In ancient and medieval cities, monarchs and city administrators created landscapes and public spaces and used architecture to impress their subjects and signal their power. Many used architecture to draw legitimacy when it was in short supply. They “renewed” these landscapes, sometimes using the elements or debris of what was dilapidated or what they had actively destroyed, to create the “new”. This is what led to commentators like Nehru describing national cultures and landscapes as palimpsests upon which layers upon layers of culture were drawn.
The modern view of states, as reflected in buildings associated with political power, was that of a sophisticated panorama. This is how the British Raj in the late colonial period began presenting itself as a regime with superior cultural acumen for recognising and educating the “ignorant natives” about the best features of our heritage.
A key element of Lutyens Delhi was the circular and panoramic building, which was a blend of Western and Indian architectural influences. As the seat of the Imperial Legislative Council, Bhagat Singh rightly understood it to be a symbol of imperialism and threw pamphlets and low-intensity bombs in defiance, prior to voluntarily submitting to arrest and prosecution by the British.
However, on August 15, 1947, when Nehru made the “Tryst with destiny” speech, the building was transformed into the seat of the Constituent Assembly of India. Therein were conducted often difficult, sometimes contested, but always poignant debates that gave us our Constitution. The deliberations of the Constituent Assembly transformed this circular building into a symbol of the post-colonial identity of India.
When the Constitution was promulgated on January 26, 1950, the same building became the seat of the Parliament of India. The aesthetics were altered radically to highlight features that were a testament to the values and principles of the new Indian state.

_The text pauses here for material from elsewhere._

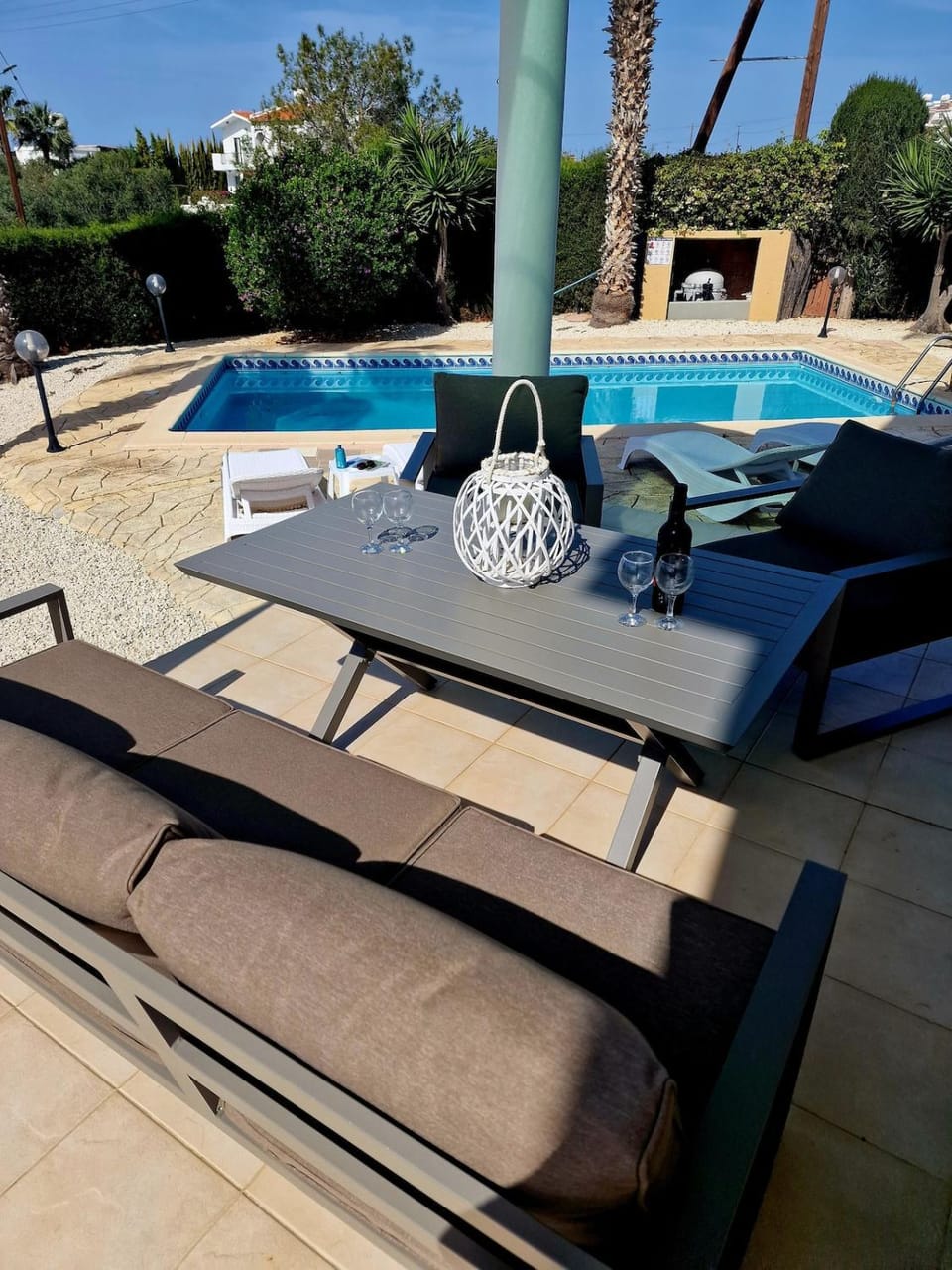 Cheerful 2 Bedroom Villa, sea views, refurbished 2026 Villa in Peyia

The builders of the new Parliament building, in which the Parliament of India convened a special session between September 18 and 22, seem to think that the past is a different country that can be belittled. The installation of the Sengol, said to be given by the British as a symbol of the transfer of power, is reflective of the confused thinking about post-colonial history and heritage. The regime fails to realise that the new environment to which they have handed democratic processes is not only about technical and aesthetic elements.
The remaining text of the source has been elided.